Clarke opta por uma narração epistolar, e desde a primeira página notamos que não é um romance convencional. A autora apresenta uma sucessão avassaladora de dimensões, números e alturas que visam dar a sensação de que a Casa, o lugar por onde passa Piranesi, é uma entidade insondável. Traça-se um labirinto que tem seu reflexo tanto nas diferentes salas quanto na mente do protagonista-narrador, personagem cuja sanidade pode ser questionada pela lógica de seu raciocínio.

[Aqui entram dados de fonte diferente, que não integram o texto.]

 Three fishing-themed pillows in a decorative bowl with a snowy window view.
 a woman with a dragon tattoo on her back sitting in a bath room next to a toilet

Alguma centelha de lucidez ainda se aninha nele, quando lembra pedaços de uma vida passada que se insinua pela inserção de elementos estranhos à Casa (e que funcionam como concessões ao leitor para assumir o enigma da narrativa).

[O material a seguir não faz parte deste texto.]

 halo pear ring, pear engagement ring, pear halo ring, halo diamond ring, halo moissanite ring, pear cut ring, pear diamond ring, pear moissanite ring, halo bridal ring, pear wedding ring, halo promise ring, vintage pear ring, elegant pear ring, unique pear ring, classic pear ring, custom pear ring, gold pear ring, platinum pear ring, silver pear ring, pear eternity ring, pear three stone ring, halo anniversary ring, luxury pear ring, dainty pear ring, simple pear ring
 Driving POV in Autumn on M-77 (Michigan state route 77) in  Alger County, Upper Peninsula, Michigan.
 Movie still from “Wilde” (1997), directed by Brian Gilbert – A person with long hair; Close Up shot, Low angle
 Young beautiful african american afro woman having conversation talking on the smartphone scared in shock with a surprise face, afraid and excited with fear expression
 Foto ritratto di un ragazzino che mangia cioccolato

Em Piranesi é invocada uma magia antiga, muito antes do homem civilizado. Como em Jonathan Strange & Mr. Norrell, a narrativa fala da perda de comunicação entre o homem e o mundo “não visível”, povoado por energias imperceptíveis. Desenvolve uma Realidade alternativa, talvez mais ideal que esta, cujo conhecimento e uso podem ser prejudiciais e perigosos. Egoísmo e ambição de poder são novamente defeitos terríveis, mas para entender por que eles estão aqui, você terá que se perder entre 7.678 quartos.

A realidade que ensina é estranha, monótona – as repetições têm uma cadência, e funcionam como um artifício literário eficaz – e exige que o leitor se esforce para compreendê-la. Uma vez aceito, porém, o estranhamento se transforma em curiosidade enquanto Piranesi descreve atos, procedimentos e até encontros: o Outro também parece morar na Casa, com quem costuma se encontrar para trocar conhecimentos.

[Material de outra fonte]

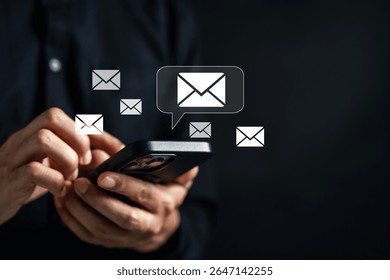 Hands using smartphone to send and read emails with envelope icons. Mobile communication, email marketing, and digital messaging technology for business and personal use...
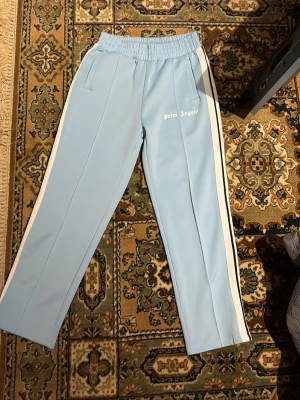 Palm Angels ljusblå mjukisbyxor - Ljusblå mjukisbyxor från Palm Angels med vita sidoränder och resår i midjan. Byxorna har raka ben, fickor på sidorna och logga broderad framtill. . Är storlek M men kan också passa på dom som har S,, kan också tänka mig byte 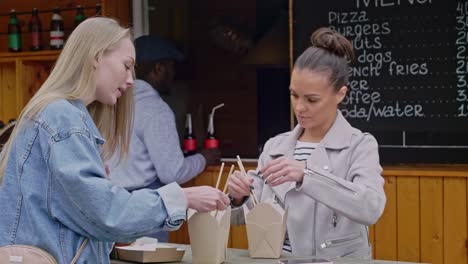 Caucasian-girls-trying-street-food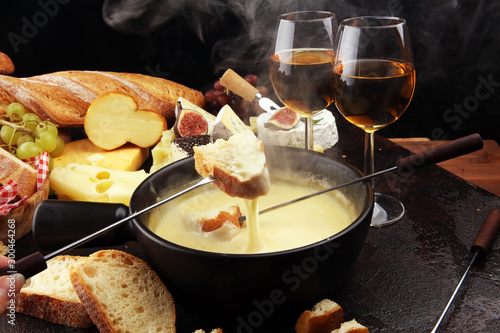 Gourmet Swiss fondue dinner on a winter evening with assorted cheeses on a board alongside a heated pot of cheese fondue with two forks dipping photo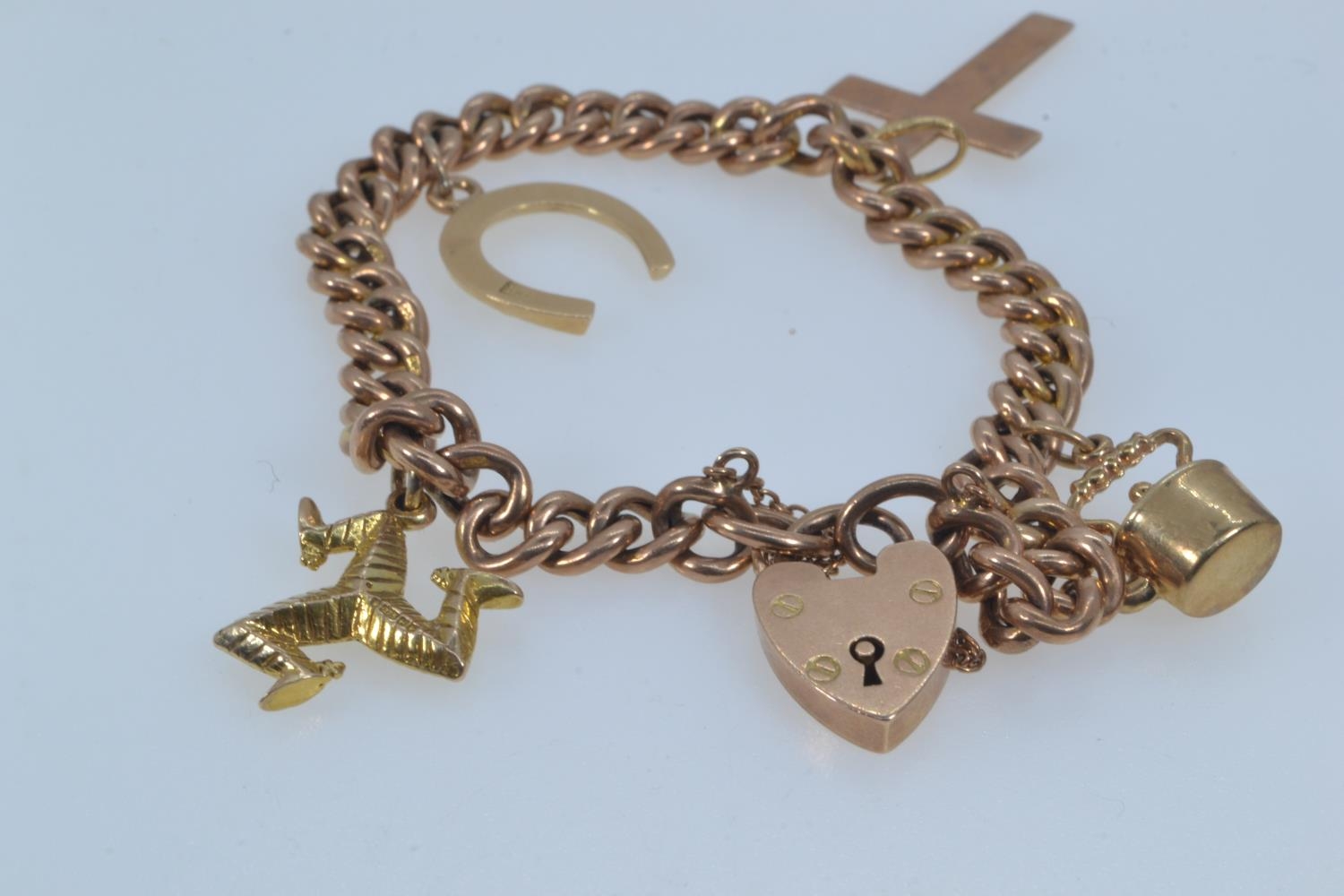 9ct rose gold bracelet with a heart-shaped padlock clasp, suspending four charms, including three 9c - Image 4 of 6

Em menos de um terço do livro, Clarke desperta o leitor. Questões sobre o que está acontecendo são levantadas. O leitor chegará à explicação dos fatos como se tivesse sido submetido a um transe induzido, pois o mundo descrito é tão enigmático que parece o cenário de um filme mudo, ou de um sonho. O desejo de Clarke é que o leitor, mais do que ficar à vontade na Casa, sinta a necessidade de fugir dessa monotonia. Não surpreendentemente, Piranese também é uma reflexão sobre inteligência e sanidade.

O caráter metódico do personagem-título, que anseia por anotar tudo o que sabe e percebe sobre a Casa, é como um cientista que está realizando um experimento de vital importância. Em seus diários nos desafia, se comunicando por meio da escrita e traz a própria Clarke se libertando de  de sua letargia.

Através da escrita, a autora recupera forças, se sente novamente. Esta é a história de um retorno e os passos que devem ser dados para recomeçar. É também um romance sobre a solidão. Piranesi – como Norrell & Strange – fica sozinho a maior parte do tempo, perdido em quartos colossais, com a única companhia de um Outro, carrancudo e alguns cadáveres que encontrou. Uma reconstrução, onde a solidão em Piranesi é esmagadora e angustiante; tão profunda que imediatamente faz você querer buscar o afeto e o calor das pessoas.

Clarke entendeu o significado de solidão e também de frugalidade: Piranesi valoriza o que temos mas não sabemos aproveitar. Em sua busca constante por uma realidade Ideal, o personagem acaba descobrindo como a vida é construída por uma abundância de coisas inúteis que são úteis para afastar a infelicidade. Um livro que é tanto um evento literário quanto um renascimento e uma catarse. Vamos torcer para que não precisemos gastar mais dezesseis anos para ler uma fantasia tão brilhante novamente.